> **Prompt**
Set down the data below in full and exactly, minus the pictures.

• • • • • • •

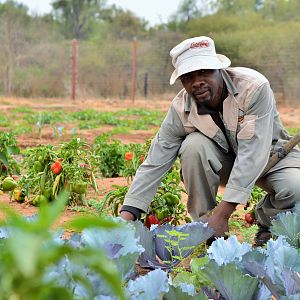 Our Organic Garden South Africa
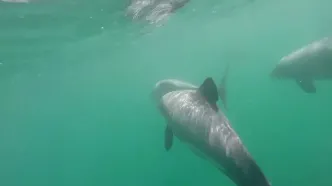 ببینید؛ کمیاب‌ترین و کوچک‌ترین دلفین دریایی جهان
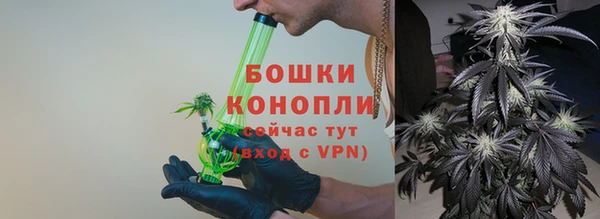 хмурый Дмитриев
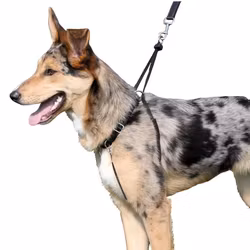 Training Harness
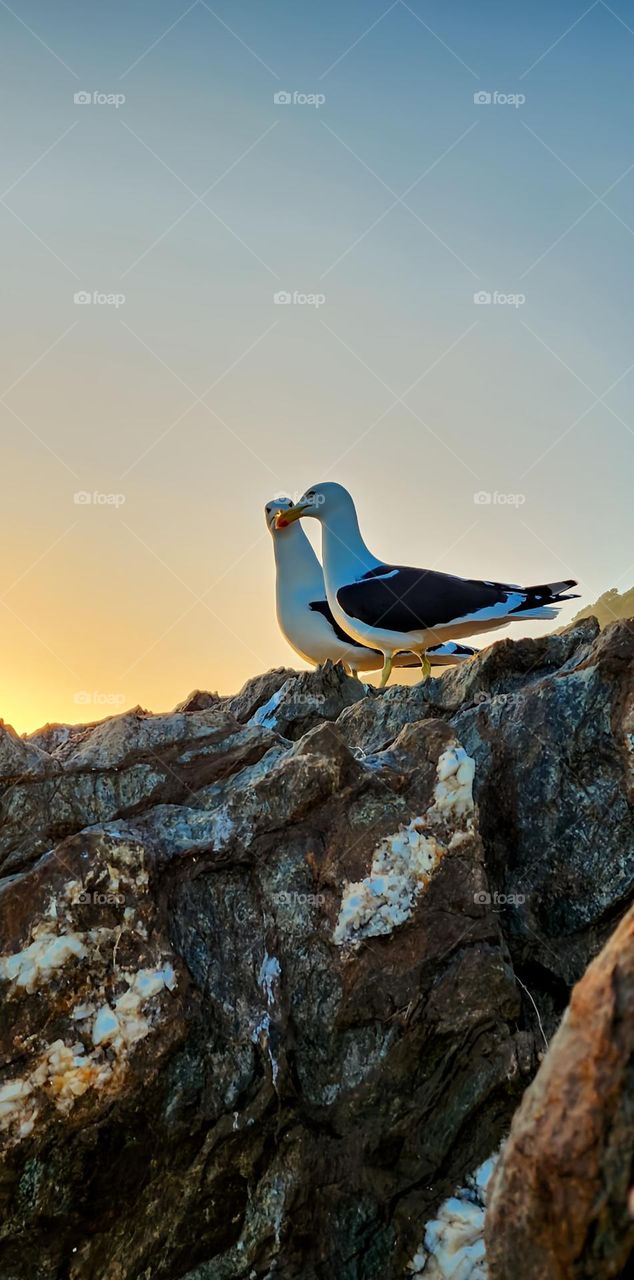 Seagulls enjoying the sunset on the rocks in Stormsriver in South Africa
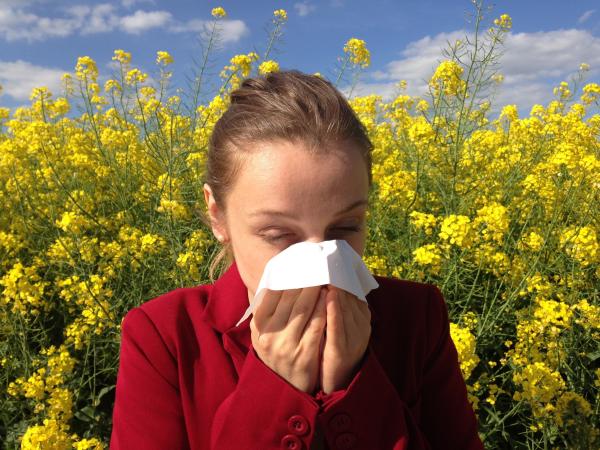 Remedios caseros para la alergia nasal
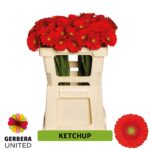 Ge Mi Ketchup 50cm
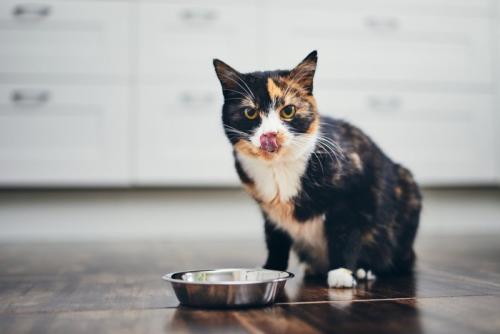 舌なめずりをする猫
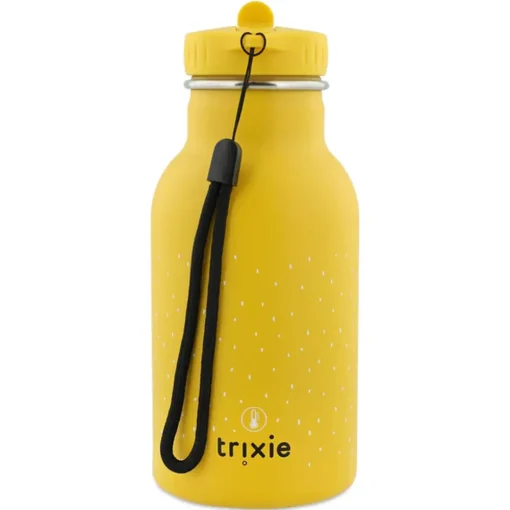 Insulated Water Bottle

• • • • • • •

> **Solution**
 Our Organic Garden South Africa
 ببینید؛ کمیاب‌ترین و کوچک‌ترین دلفین دریایی جهان
 хмурый Дмитриев
 Training Harness
 Seagulls enjoying the sunset on the rocks in Stormsriver in South Africa
 Remedios caseros para la alergia nasal
 Ge Mi Ketchup 50cm
 舌なめずりをする猫
 Insulated Water Bottle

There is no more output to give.